Body Type
Body Type did not intend on making A Big Statement with their new record, EP2 (out May 3 on Partisan Records / Inertia Music), but at its heart lies an incidental anthem.
First written by bassist Georgia Wilkinson-Derums as a poem, ‘Uma’ is filled with abstract symbolism, religious iconography and terrifying animal imagery. “It’s like this connected web of storytelling,” Annabel Blackman explains, as her fellow guitarist and vocalist Sophie McComish hums in agreement. “It’s Georgia’s life, but also outlining what’s going on with women at the moment … connecting together and becoming outspoken and empowering each other.”
Over crunchy guitars, Georgia issues a call to arms – All for one and one for all / All for one and one for the downfall – and surrenders to absolute vulnerability, spitting and howling in the spirit of Patti Smith opening her notebook to first perform her own secretly scribbled poetry in public.
Harnessing an “energy of anger”, as Annabel describes it, the song connects to recent cultural movements, where, as Sophie puts it, “personal becomes public, and private becomes shared experience”.
Shared experience is as close to a Body Type mission statement as you might find. The four-piece – completed by Cecil Coleman on drums – patched themselves together in Sydney in 2016 and found they each contained pieces that perfectly complemented one another’s. They soon set about articulating their ideas through jangling guitars and scuzzy, lo-fi production, and found that audiences at home and around the country were eager to get sucked in.
The journey from where they began – DIY soundproofing a room in their sharehouse to record their first demos – to where they are now – releasing their second EP in just six months, and preparing to play their first run of international shows with awards under their belt (they took home ‘Best Live Act’ and ‘Next Big Thing’ at FBI Radio’s 2017 SMAC Awards) and international support from the likes of BBC1, KCRW and RRR backing them up – has been, as Sophie describes it, like “a big wavy ocean, calming.”
“It feels like all the parts of the machine have fallen into place. Like the reigns have been put on the horse … but she’s still very wild and can go in any direction.”

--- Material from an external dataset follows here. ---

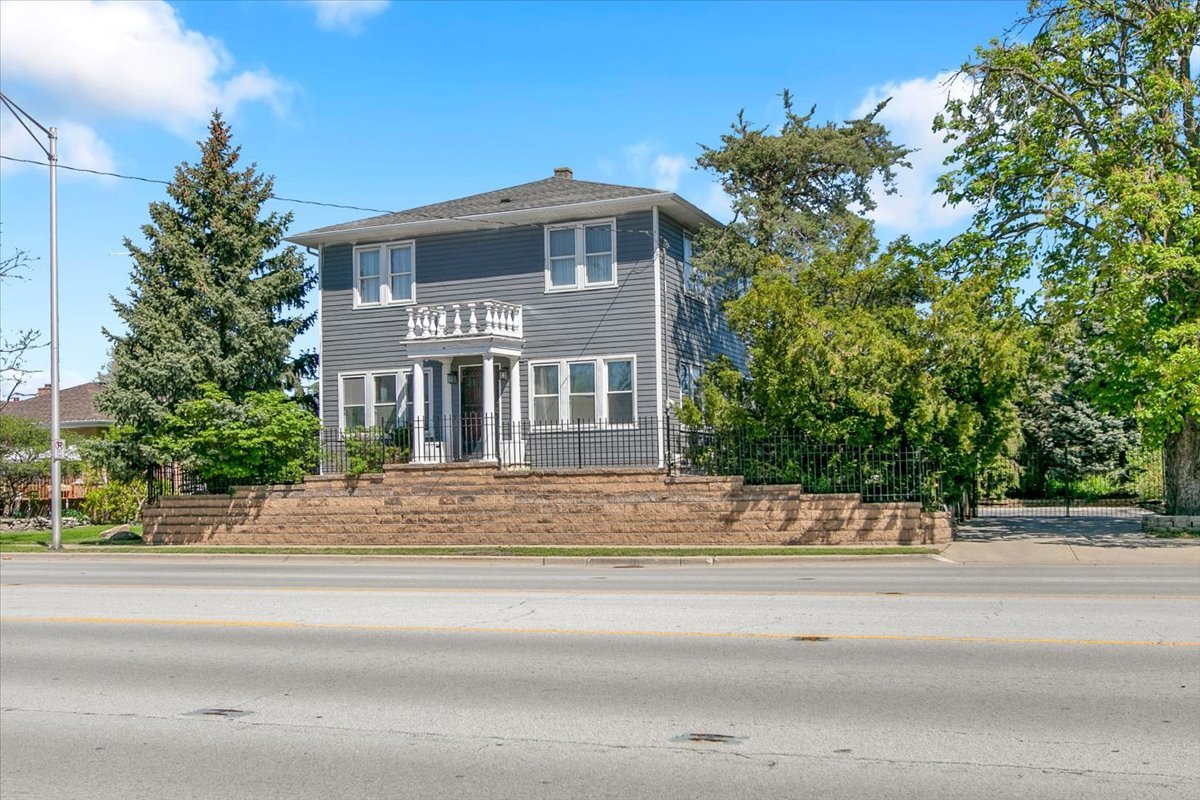 4108 W 103RD Street, Oak Lawn, IL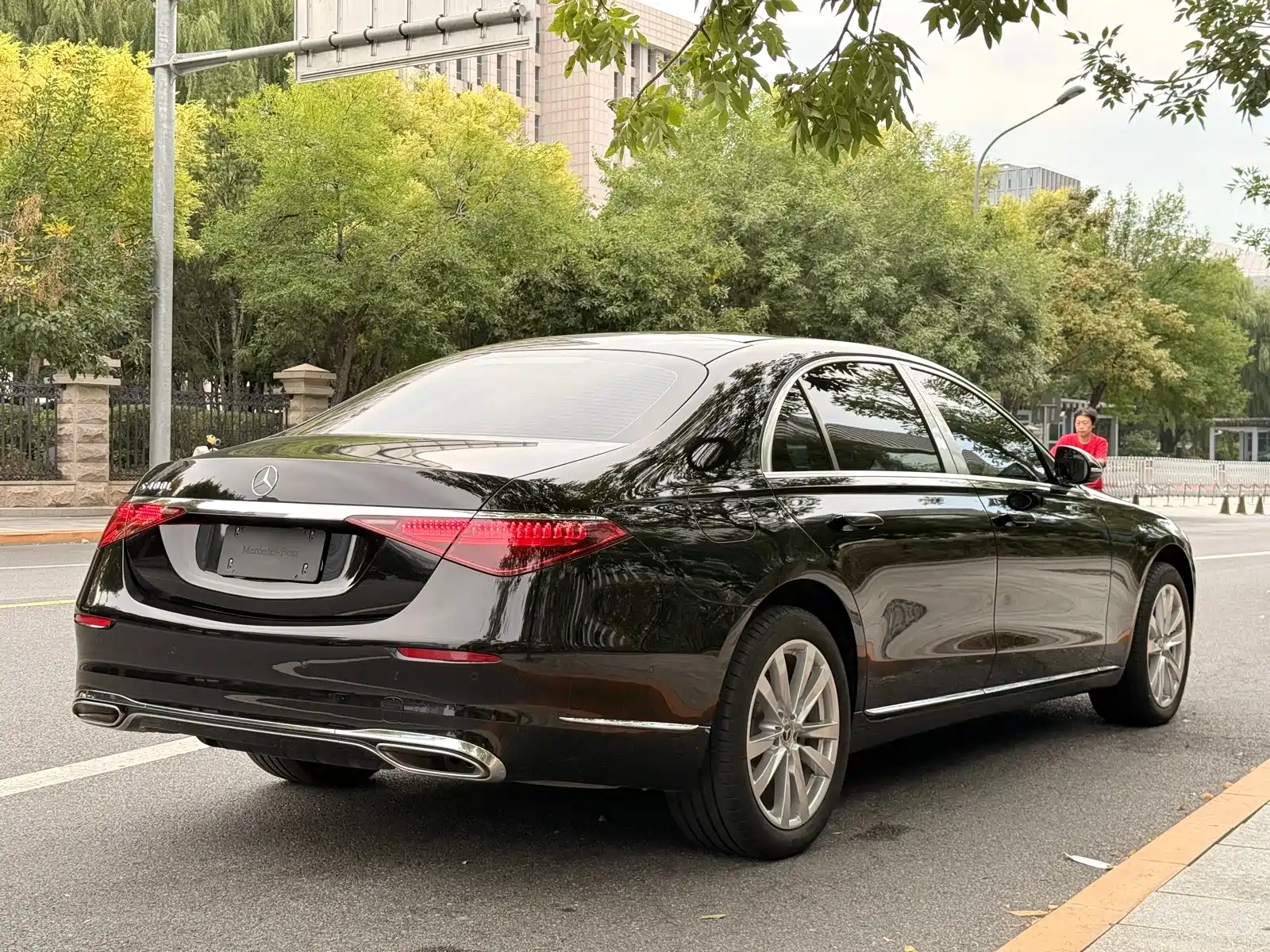 Photo 4 - Mercedes-Benz S-Class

It’s a partnership between four women that feels both deliberately constructed and destined to exist – a sentiment that plays into the imagery Body Type conjures both in their songwriting and visuals, with recurring references to the tarot, astrology and the spiritual or subconscious worlds touching much of their work.

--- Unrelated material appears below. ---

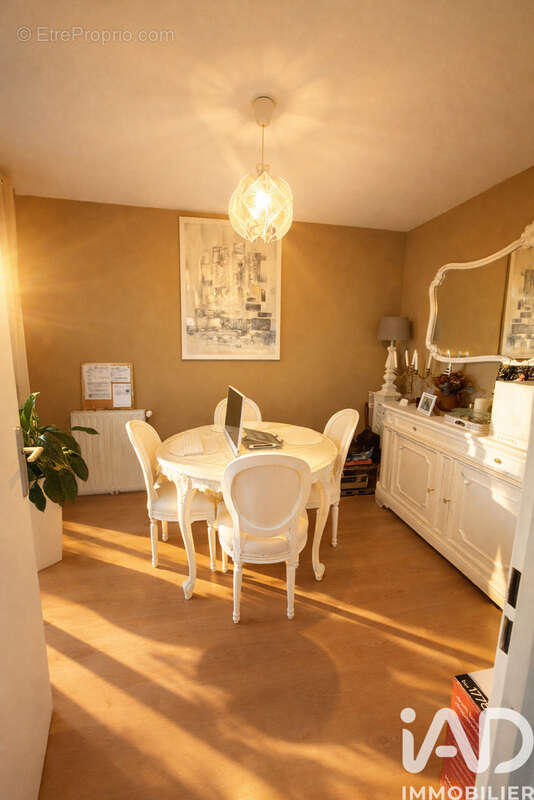 Photo 4 - Appartement à ELANCOURT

It’s fitting, then, that EP2’s first single, ’Stingray’, felt so karmically designed. A chance draw from a stack of animal tarot cards offered Sophie two guides: the earthworm and the stingray. Her inner protector emerged almost instantly. “The stingray represented having no spine and needing to be more communicative and take control of your life. I could see those traits in a few of my friends, who were in these really dead-end relationships that they kept going back to. This song is about me shaking my friends out of that, like, ‘Stop that! You are bigger and better than this!’”
EP2 combines five tracks written anywhere between two years and two weeks before Body Type arrived at producer Konstantin Kersting’s (The Belligerents, Emerson Snowe, The Church) Airlock Studios to begin recording. One of the earliest to exist was Sad Wax, a contemplative note struck by Annabel. “Thematically, it’s about being so overcome with emotion that you can’t function as a person anymore,” she recalls.
Even as she crafted this song that would become a moment of true tenderness and vulnerability among all of the band’s energy (“We’re a bit dramatic by nature”), Annabel wasn’t sure what space it could occupy. “I thought maybe it was a bit too quiet because I don’t know if delicacy really translates live.”
What Sophie is quick to remind her, though, is that Sad Wax exists as a kind of psychic twin to 264, one of the first tracks Body Type ever recorded, which Annabel also wrote. “I feel like those two occupy the same space in our set.” They act as magnets, drawing you in and granting you a fleeting moment of access to a performer who’s perhaps more comfortable watching the crowd than she is being watched by them.
Elsewhere on the record, Annabel is credited with Free to Air. Her storytelling paints a hazy scene, but relies on you to draw the outlines yourself. “I think I’m interested in writing about my emotions in a detached way, and expressing them through inanimate things or my surroundings, instead of talking about myself,” she says, describing the vindictive thrill that came from writing “kind of a joke song” about an annoying neighbour whose regimented TV schedule bled into the borders of her life, and the voyeurism she employed in observing him so intently as payback.
Completing the record is Insomnia, which takes place much closer to home, in a place no curious eyes can find. A song about finding serenity in nature and safety in a sweet lover’s arms, it’s a moment that feels intimate and infinite all at once – kind of like Body Type; a band that Australian fans will forever proudly consider “theirs”, even as they set their sights on the wider world.